Anciently this feast was kept as a harvest festival in England - whence its name Lammas, from hlaf-mæsse (loaf-mass). But until the late pre-Conciliar reforms, or rather prunings, to-day was the feast of the Chains of St Peter (S. Petrus ad Vincula), the celebration of the hallowed fetters that held the Prince of the Apostles in his Roman prison (as earlier Herod had vainly enchained him), or rather, the celebration of his holding fast to Christ until death, death on an upside-down cross. This day is the anniversary of the consecration of the church of St Peter ad Vincula, called the Eudoxian Basilica after Princess Eudoxia who had it rebuilt in the fifth century.

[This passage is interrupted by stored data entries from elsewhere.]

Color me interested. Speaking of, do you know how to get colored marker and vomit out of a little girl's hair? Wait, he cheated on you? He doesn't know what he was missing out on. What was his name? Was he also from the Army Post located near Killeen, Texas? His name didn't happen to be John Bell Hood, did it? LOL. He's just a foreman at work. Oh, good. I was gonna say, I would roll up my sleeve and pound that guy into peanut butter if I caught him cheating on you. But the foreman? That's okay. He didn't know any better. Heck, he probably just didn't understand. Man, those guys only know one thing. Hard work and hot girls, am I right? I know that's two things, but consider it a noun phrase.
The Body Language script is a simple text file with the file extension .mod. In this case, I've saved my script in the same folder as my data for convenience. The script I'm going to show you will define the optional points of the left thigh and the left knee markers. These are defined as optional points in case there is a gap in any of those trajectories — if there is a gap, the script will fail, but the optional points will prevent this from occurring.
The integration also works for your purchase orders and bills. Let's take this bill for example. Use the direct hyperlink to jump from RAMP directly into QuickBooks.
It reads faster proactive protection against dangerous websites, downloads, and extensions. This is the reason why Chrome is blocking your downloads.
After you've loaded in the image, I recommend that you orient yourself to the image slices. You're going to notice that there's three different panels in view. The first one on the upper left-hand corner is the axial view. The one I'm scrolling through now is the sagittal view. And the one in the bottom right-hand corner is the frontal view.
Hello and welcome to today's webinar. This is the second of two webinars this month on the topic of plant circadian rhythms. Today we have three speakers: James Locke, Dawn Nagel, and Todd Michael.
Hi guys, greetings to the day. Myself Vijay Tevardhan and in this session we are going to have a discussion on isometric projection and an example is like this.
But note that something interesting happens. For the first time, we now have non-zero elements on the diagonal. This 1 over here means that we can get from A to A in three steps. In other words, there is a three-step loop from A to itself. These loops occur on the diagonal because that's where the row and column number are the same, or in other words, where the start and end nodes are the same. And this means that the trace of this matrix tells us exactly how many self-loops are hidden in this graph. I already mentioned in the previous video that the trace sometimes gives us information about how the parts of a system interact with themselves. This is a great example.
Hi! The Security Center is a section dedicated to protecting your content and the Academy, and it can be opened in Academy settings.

But to-day is also the commemoration of the Holy Machabæan Martyrs, seven brothers and their mother put to death by Antiochus Epiphanes a century and a half before Christ: their great constancy under torture, their stedfast refusal to betray God and His Law, their belief in a future resurrection, all these make them great forerunners and models of Christian martyrs, and so the Fathers frequently preached. (Apparently their commemoration is held to-day because relics believed to be theirs were kept at the Church of St Peter in Chains.)
May the prayers of St Peter and these Martyrs unchain the bonds of sin that bind us: see my comments and the Collect and so forth that I quoted last year.